The Hydrodynamics Menu contains commands which allow the user to build, alter, and maintain databases of hydrodynamic properties which act on body panels. The Hydrodynamic Database provides MOSES with the ingredients used in almost all types of analysis. This database can be input directly in this menu, or it can be computed from the model. The menu is entered with


and when one has completed his task here, he exits with


In order to fully understand the implications of the pressure database, it helps to have some information about what the program computes and how it uses the intermediate results. Basically, the primitive quantity is a set of velocity potentials on each panel which results from the interaction of the panel with the sea. The first six of these velocity potentials arise due to unit motion of the body, at a given frequency, in each of the degrees of freedom. These are called radiation velocity potentials. The remaining potentials result from a wave being stopped by the body. These are called diffraction potentials. The diffraction potentials depend not only on wave frequency but also on wave heading. All of the potentials are complex numbers ( a real and an imaginary part for each potential ). Collectively, we will refer to these potentials as "diffraction results" since they are normally computed via some type of diffraction analysis. The forces on Morison's Equation elements are not a part of the pressure database, are computed whenever they are needed, and are not considered in this Menu. In addition to the diffraction potentials, the "incident wave potentials" are also required, but since they are easy to compute, they are not stored in the pressure database. Also, for some computations, MOSES needs to have not only the potentials, but their gradient, so they are included in the database.

From these basic ingredients, MOSES then computes a new, or "Total" database which includes:

These results are a function of wave heading, forward speed, and encounter frequency.
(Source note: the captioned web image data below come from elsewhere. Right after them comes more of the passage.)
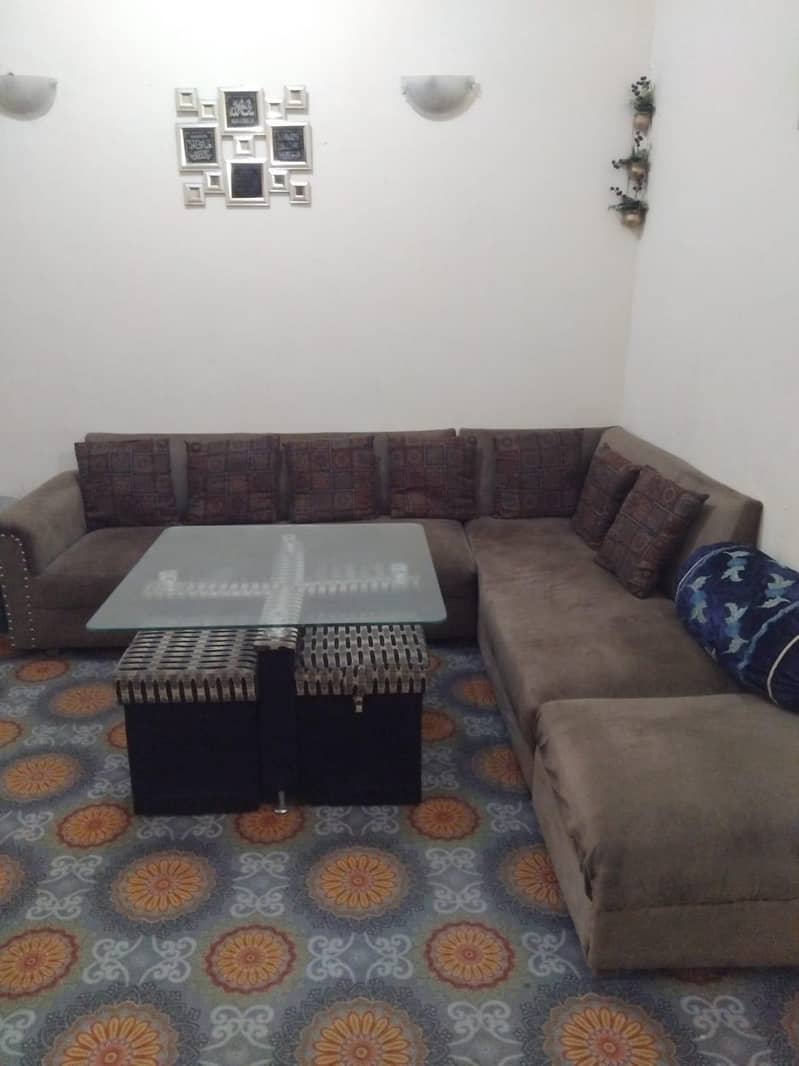 sofa set without table 1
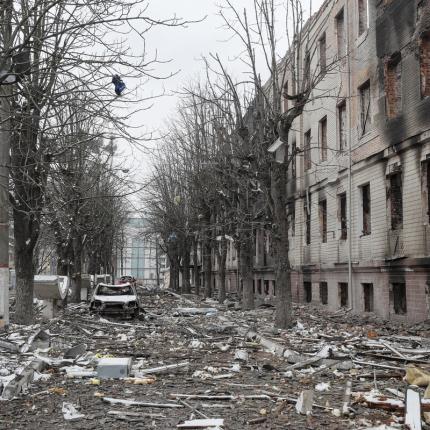 Μαριούπολη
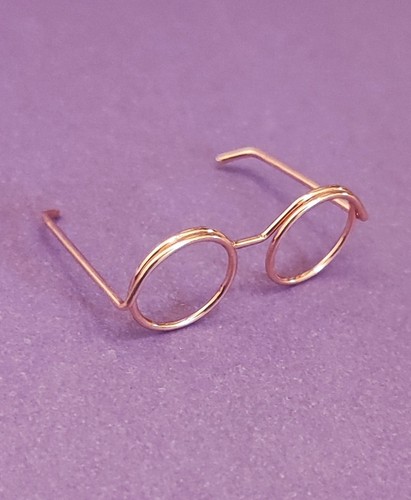 Bjd puppen brille - bjd,
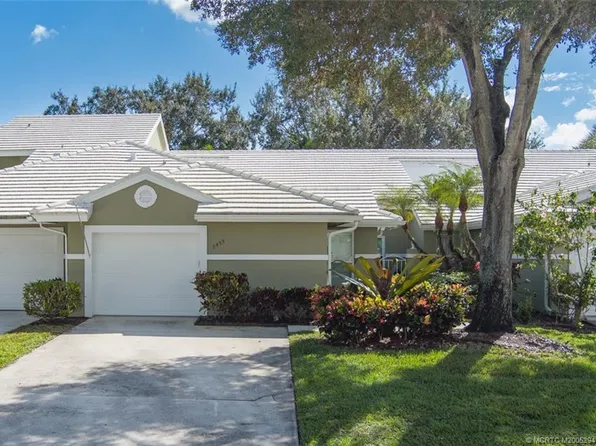 2433 SW Foxpoint Trl, Palm City, FL 34990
The Hydrodynamic database actually consists of two different types of data for each body: Pressure data and Mean Drift Force Data. Also, the data is stored by "Packet Name". Thus it is possible to have several different sets of hydrodynamic data available for each body. For example, one can have different sets for different draft and trim conditions, or different sets computed with different methods. A packet of data is associated with body whenever the packet is: Generated, or Imported. In general, the user is free to define the packet name for the data when it is created, but if the name already exists, then a new name will be created. The same name can exist for each of the different types of data, but all names for a given type of data must be unique. A special reserved packet name is NONE. If this name is associated with a body for a given type of data, then it has the same effect as null data.
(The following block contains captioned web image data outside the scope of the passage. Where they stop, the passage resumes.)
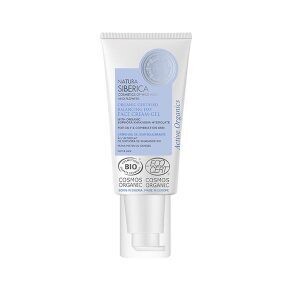 Crema de dia reguladora i equilibrant per pells joves amb tendència a grassa i acne 50 ml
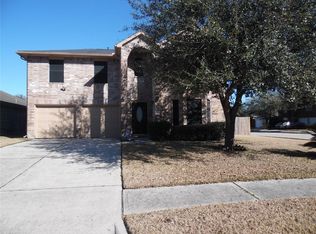 759 Brushy Glen Dr, Houston, TX 77073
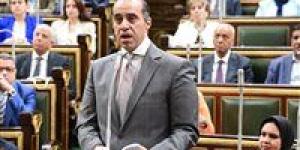 «اطمأن الرأى العام».. وزير الشؤون النيابية: كل البيانات التالفة نتيجة حريق سنترال رمسيس موجود منها نسخ احتياطية - كورة نيوز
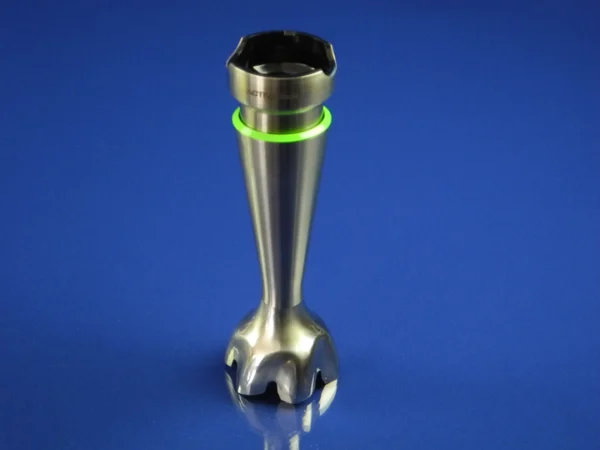 Blenderio (trintuvo) BRAUN, DELONGHI metalinis smulkinimo antgalis (ACTIVE Blade), orig. ICS 4200 MQ9 METAL SHAFT BLADE - Image 4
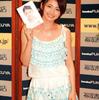 ＤＶＤ「月刊　岡本玲ｆｒｏｍ女優力」発売記念握手会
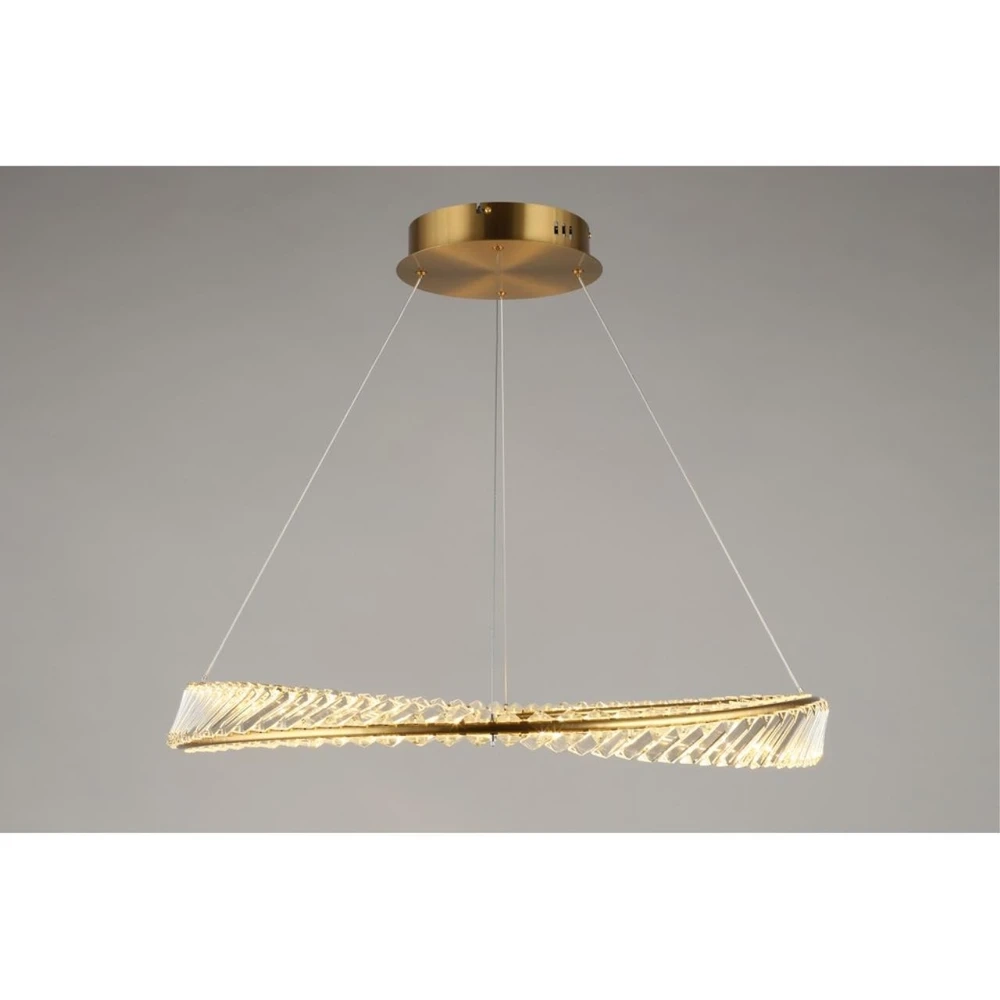 Подвесная люстра Aployt OLIMP APL.045.03.35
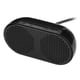 thumbnail image 1 of Altavoz con cable USB y dos altavoces, fuente de alimentación integrada y audio, graves potentes, minialtavoz con cable, 1 of 12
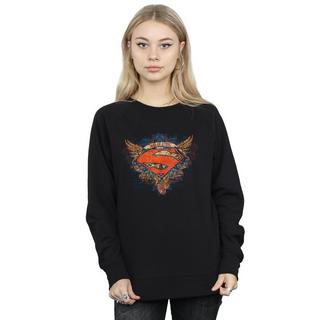 DC COMICS  Sweat 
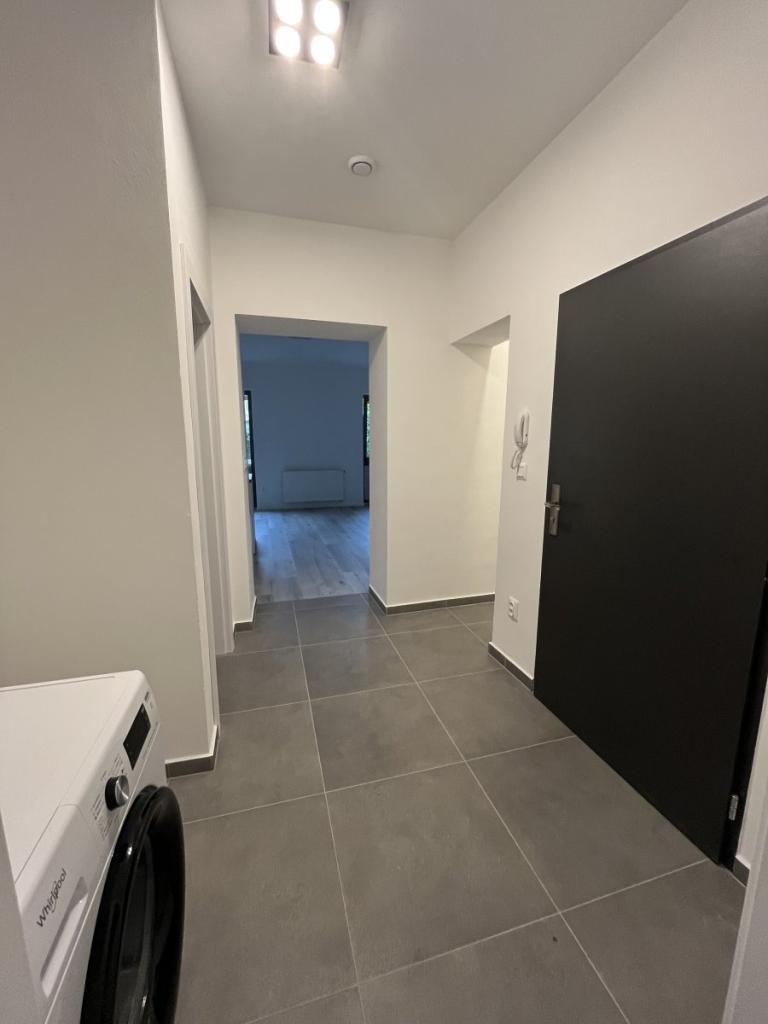 Pronájem bytu 2+kk 64 m2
The data in the Hydrodynamic database is used in both frequency and time domain computations. Since the database consists of frequency domain quantities, its use in the frequency domain is easily inferred. For a time domain simulation, use of this data is not obvious. Here, three things happen. First, an excitation force is created as a cosine series of the frequency domain forces. The periods for the series are those specified with the -S_PERIOD option on the &ENV command. The amplitudes are chosen to conform to the specified sea spectrum, and a set of phases are chosen. Next, a mean drift force is computed from the drift force "RAOs" and the sea spectrum. A time varying drift force is created as a cosine series at periods specified with the -MD_PERIOD options of the &ENV command and amplitudes which conform to the drift spectrum and a set of phases. Finally, the frequency domain added mass and damping matrices are transformed by an inverse Fourier transform into a convolution kernel, or "retardation function", and the equations of motion are integro-differential equations. Thus, any time domain simulation in a seaway first requires the basic data discussed above.

The basic method of computing mean drift force from the hydrodynamic pressures is to integrate the results over each submerged panel. If, however, one has used strip theory, then this results in zero surge drift force (the surge diffraction potential is ignored). In this case, a representation by Salvesen which employs an assumption of the body being a "weak scatterer" is used to estimate a surge component.

There are basically two types of data considered in this menu: pressure and mean drift. Each of these will be considered in detail later, but as a general rule commands which generate data begin with G_, those which post-process with V_, those which import with I_, and those which export with E_. The commands for importing hydrodynamic data are designed to allow the user to completely describe a hydrodynamic data base. Although the commands for doing this are documented in the following sections, the user is encouraged to examine the samples of data provided with this software release. To input your own data, it is helpful to first export a hydrodynamic data base to get an understanding of the MOSES file format. Then, modify this file as desired, and import it to the program.